Le sort des 880 ex-SeaFrance devient un enjeu électoral à quelques mois de la présidentielle et le vide laissé sur la liaison reine dans le détroit du Pas-de-Calais, où seule subsiste la britannique P&O Ferries, attise les convoitises.

Celle de l’opérateur du tunnel sous la Manche Eurotunnel qui soutient le projet de reprise par une coopérative ouvrière (Scop) composée d’anciens salariés. Celle aussi de Louis Dreyfus Armateurs (LDA) qui, associé au danois DFDS, affrète deux de ses navires entre Calais et Douvres avec quelque 200 ex-SeaFrance tout en se portant candidat à la reprise des ferries de l’ancienne compagnie.

« La chute de SeaFrance a créé un appel d’air. Calais fait partie des ports stratégiques, surtout quand vous êtes déjà présents comme nous à Dunkerque », justifie Christophe Santoni, directeur général de LD Lines.

Premier port français pour les voyageurs, Calais a transporté en 2011 plus de 10 millions de passagers, en légère baisse (-1,64%) par rapport à l’année précédente. Le trafic fret était quant à lui en progression de 1,82% sur le port de Calais, malgré l’arrêt des ferries SeaFrance mi-novembre.

Pendant que les armateurs se disputent les cendres de SeaFrance, les déboires judiciaires de ses ex-salariés se poursuivent. Treize sont mis en examen – cinq en mars, huit début juin – pour des vols présumés à bord des bateaux entre 2008 et 2009.

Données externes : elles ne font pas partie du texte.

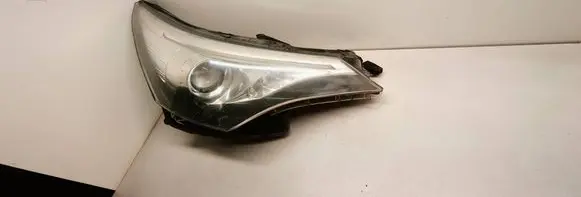 Toyota Avensis T270 Headlight/headlamp KOITO0536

Début juillet, les locaux du comité d’entreprise (CE) sont perquisitionnés dans le cadre d’une information judiciaire distincte, ouverte par le parquet de Lille pour « abus de confiance, complicité et recel d’abus de confiance ».

Ces péripéties n’empêchent pas l’attribution – après maints reports – des navires à Eurotunnel le 11 juin. Ce jour-là, à Calais, c’est une délivrance, voire une vengeance pour le Syndicat Maritime Nord, désavoué par François Chérèque puis radié de la CFDT.

« On a gagné (…). On prouve qu’on n’est pas des flibustiers, des voleurs », s’exclamait ainsi un ex-SeaFrance, Daniel Fournier.

Un nouveau départ

« Je n’ai pas envie de revenir sur le passé, mais de regarder vers l’avenir. My ferry link est une nouvelle compagnie, on a changé de nom, on travaille différemment », souligne Raphaël Doutrebente, son directeur général adjoint.

Près de 500 salariés sont embauchés, en majorité parmi les anciens de SeaFrance, par My ferry link, qui vise « 12 à 14% » de parts de marché pour le fret et « 8 à 10% » pour l’activité passagers.

« J’ai tourné la page SeaFrance le jour où j’ai été licenciée », raconte une ex-salariés non syndiquée, embauchée par LD/DFDS. « Aujourd’hui, My ferry link et P&O sont deux concurrents de ma société. L’avenir nous dira qui a eu raison, qui a eu tort. (…) J’ai du mal à croire qu’une Scop de si grande envergure puisse exister », témoigne-t-elle anonymement.

« On a démarré (le 20 août) avec une voiture passagers et deux camions. On a dépassé les 100.000 passagers avant Noël et on arrive à quasiment la même part de marché que notre concurrent DFDS, à un point exactement, mi-décembre. C’est un bon départ, malgré une saison ratée et un démarrage difficile », affirme M. Doutrebente.

Dans ce marché très concurrentiel, « notre priorité est de nous concentrer sur notre projet industriel, être un leader sur le marché transmanche », qui « reste à des niveaux très bas » depuis « la crise de l’industrie du ferry » amorcée en 2008, souligne Christophe Santoni.

P&O Ferries, qui exploite six navires sous pavillon britannique entre Calais et Douvres, sera « en positif en 2012 sur tous les secteurs de marché, même depuis l’implantation de My ferry link », assure Karine Warnault, directrice de la communication France.

« La bataille va être difficile » entre ces trois compagnies qui vont devoir affronter notamment de nouvelles réglementations environnementales et procéder à des investissements lourds, avertit Anne Gallais Bouchet, chargée d’études à l’Institut supérieur d’économie maritime (Isemar).

« La fin de SeaFrance était avant tout due à des difficultés structurelles et conjoncturelles. Ca s’augure mieux pour My ferry link: elle n’est pas propriétaire des navires (…), ses salariés sont aussi actionnaires, la motivation est différente (…). Sa politique commerciale est plus rationnelle », estime-t-elle.